▶ **YOUR OBJECTIVE**:
Carry none of the pictures over; write out the complete data exactly.

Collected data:
═══

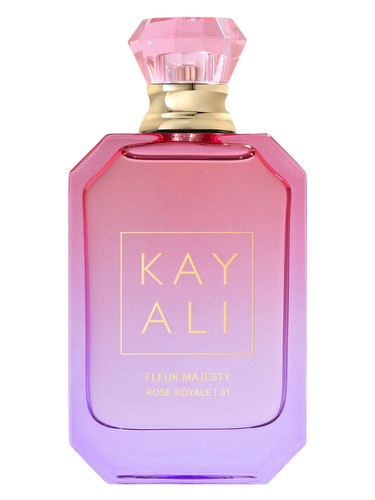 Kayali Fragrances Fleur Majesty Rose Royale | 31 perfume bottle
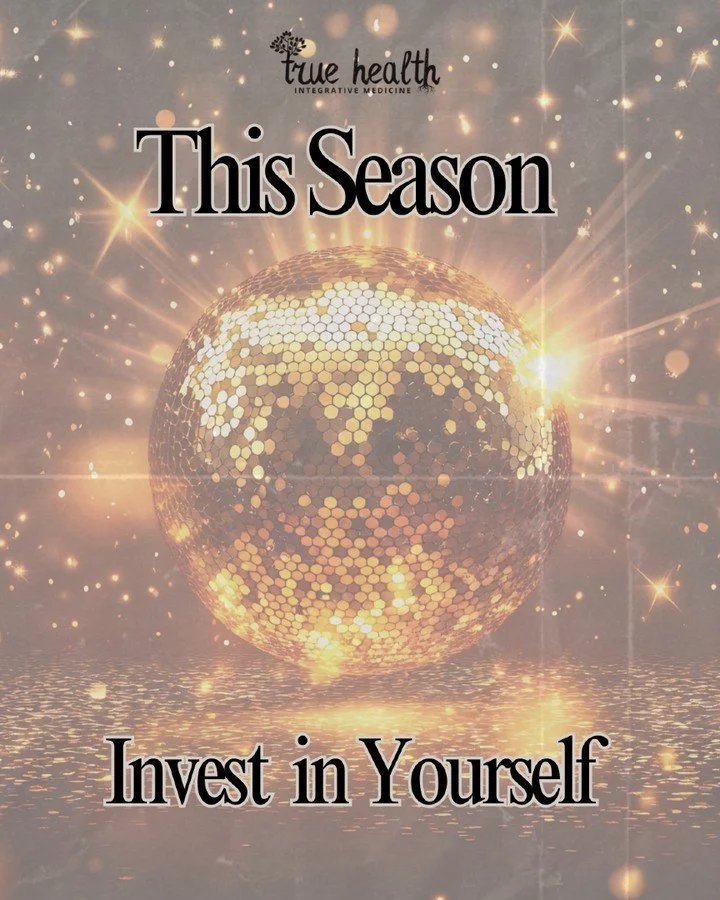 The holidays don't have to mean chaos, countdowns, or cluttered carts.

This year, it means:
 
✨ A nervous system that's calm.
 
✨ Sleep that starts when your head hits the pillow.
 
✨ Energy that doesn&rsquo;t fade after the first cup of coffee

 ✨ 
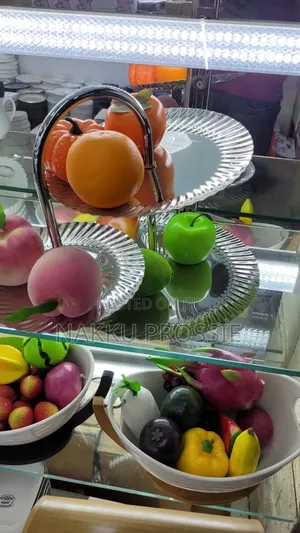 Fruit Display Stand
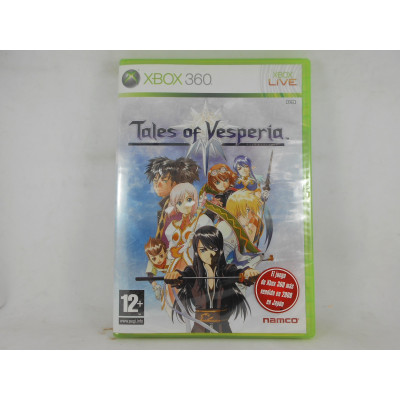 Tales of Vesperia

═══

▶ **REPLY**:
 Kayali Fragrances Fleur Majesty Rose Royale | 31 perfume bottle
 The holidays don't have to mean chaos, countdowns, or cluttered carts.

This year, it means:
 
✨ A nervous system that's calm.
 
✨ Sleep that starts when your head hits the pillow.
 
✨ Energy that doesn&rsquo;t fade after the first cup of coffee

 ✨ 
 Fruit Display Stand
 Tales of Vesperia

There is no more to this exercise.